We pretty much don’t ever do anything that we don’t benefit from in some way, be it in a healthy way or an unhealthy way. If you’re perpetuating something dismal in your life because of some dopey story, there’s definitely something about it that you’re getting off on.

Let’s say, for example, that your story is that you’re depressed. Chances are pretty good that even though it feels awful, when you feel awful you don’t have to work hard or do the laundry or go to the gym. It also feels very familiar and cozy and comfortable. It gets you attention. People come in and check on you and sometimes bring food. It gives you something to talk about. It allows you to not try too hard or move forward and face possible failure. It lets you drink beer for breakfast.

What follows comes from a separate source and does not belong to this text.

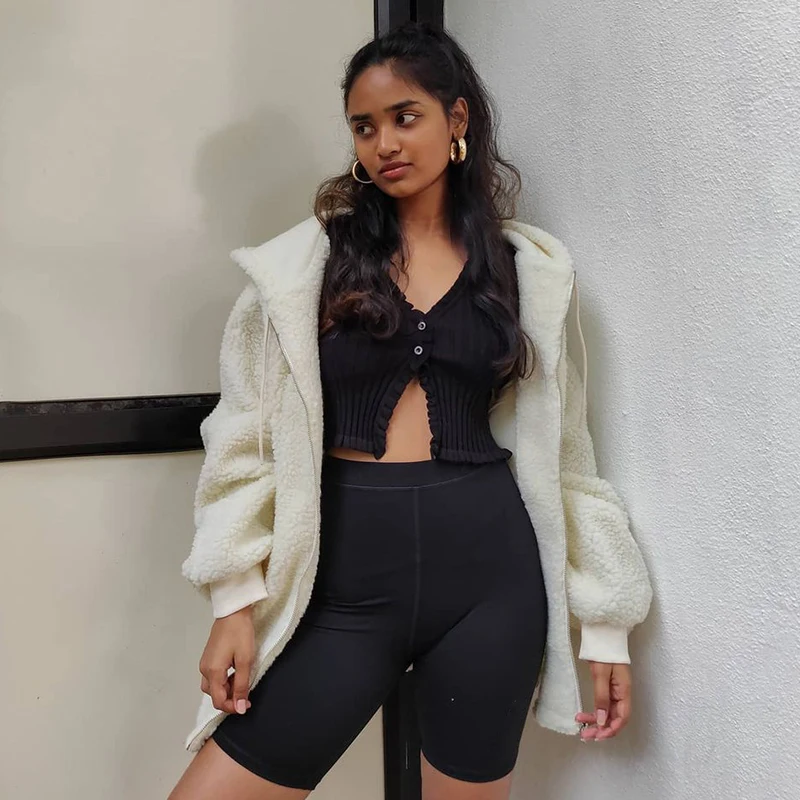 

Autumn Fashion Oversized Lamb Wool Faux Fur Winter Jacket Ladies Hooded Fashion Zipper Teddy Coats Solid Color Coat Furry Coats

Let’s say your story is that you can’t make money. By staying broke, you get to be right. You get to be a victim, which makes you dependent on other people and gets you attention. Other people will offer to pay. You don’t have to take responsibility. You get to give up before you start and avoid possible failure. If things in your life fall far below the mediocre scale, you get to blame other people and circumstances instead of taking risks to change it because you can’t afford to take risks.

Let’s say your story is that you stink at relationships. You get your freedom. You don’t have to commit and can keep looking for the greener grass on the other side. You don’t have to risk getting hurt by being vulnerable. You get to complain about always being single and get sympathy. You get the whole bed to yourself, never have to compromise, and don’t have to shave unless it’s summer.

We don’t realize it, but we’re making the perks we get from perpetuating our stories more important than getting the things we really want because it’s familiar territory, it’s what we’re comfy with and we’re scared to let it go. If we’ve been depressed or victimized or whatever since childhood, we trick ourselves into believing that it’s really who we are as adults in order to continue reaping “the rewards.” It’s how we survived as kids, but it doesn’t serve us anymore so we need to get rid of it or we’ll just keep creating more of it.